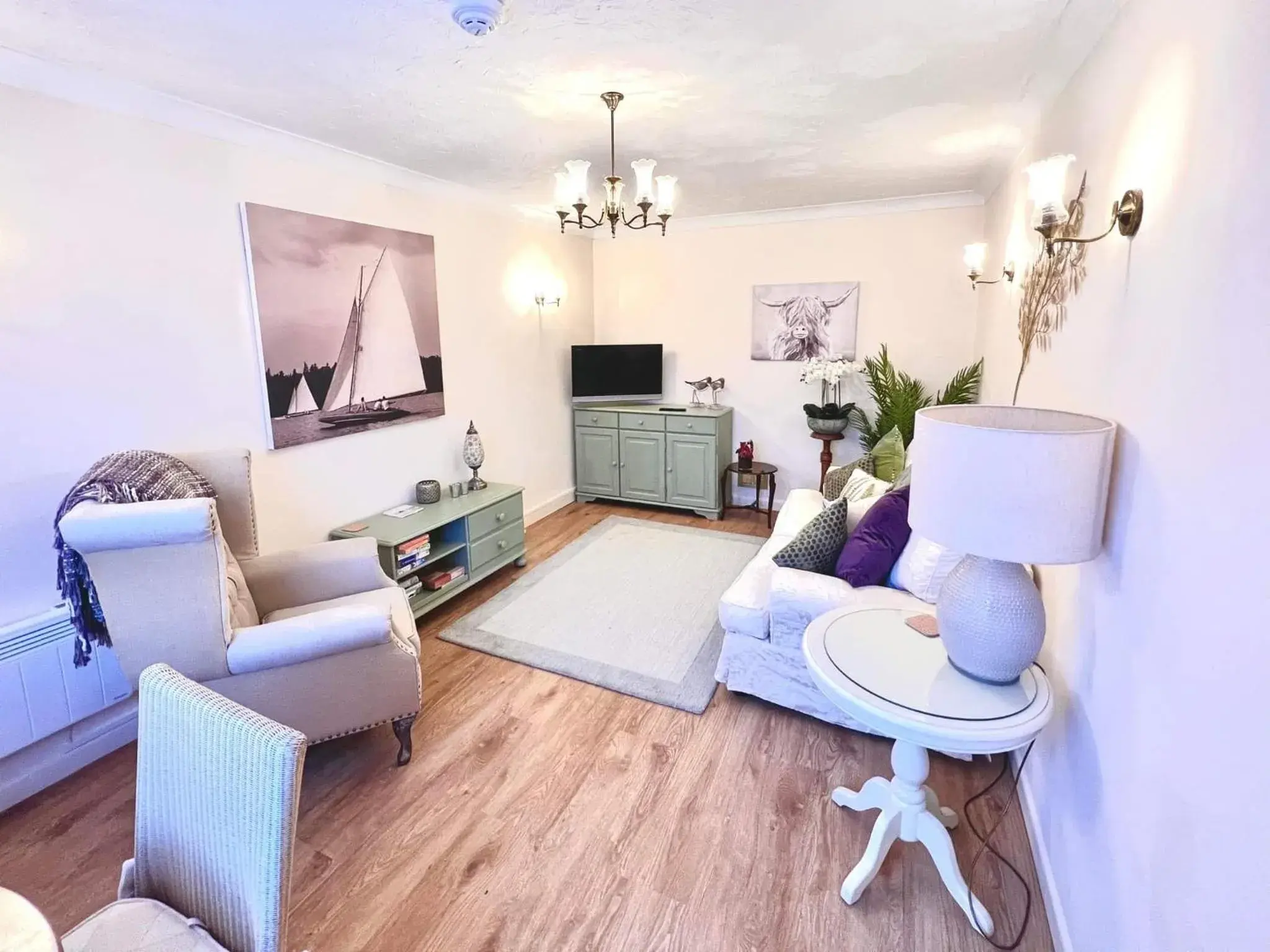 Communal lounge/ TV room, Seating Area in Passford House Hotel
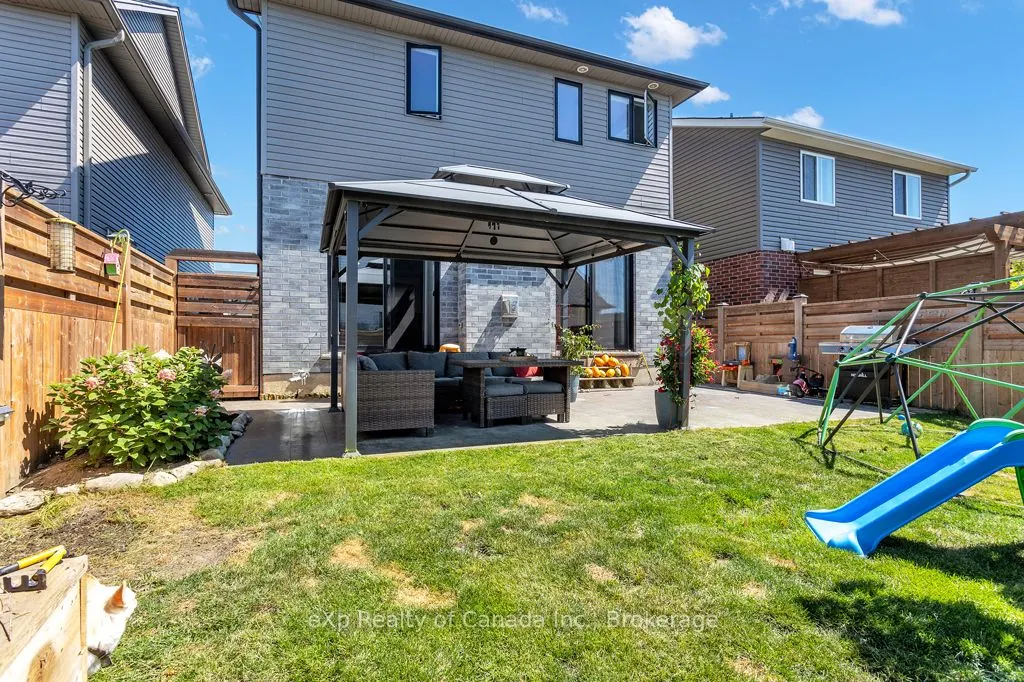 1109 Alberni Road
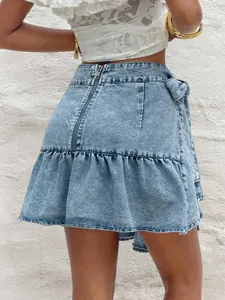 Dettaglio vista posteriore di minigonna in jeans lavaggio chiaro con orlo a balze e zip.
+++
- Exercise instructions
Copy verbatim the span that begins at the line containing "1109 Alberni Road" and ends at the last line of the material, inclusive of both; exclude pictures.

- Output of the task
 1109 Alberni Road
 Dettaglio vista posteriore di minigonna in jeans lavaggio chiaro con orlo a balze e zip.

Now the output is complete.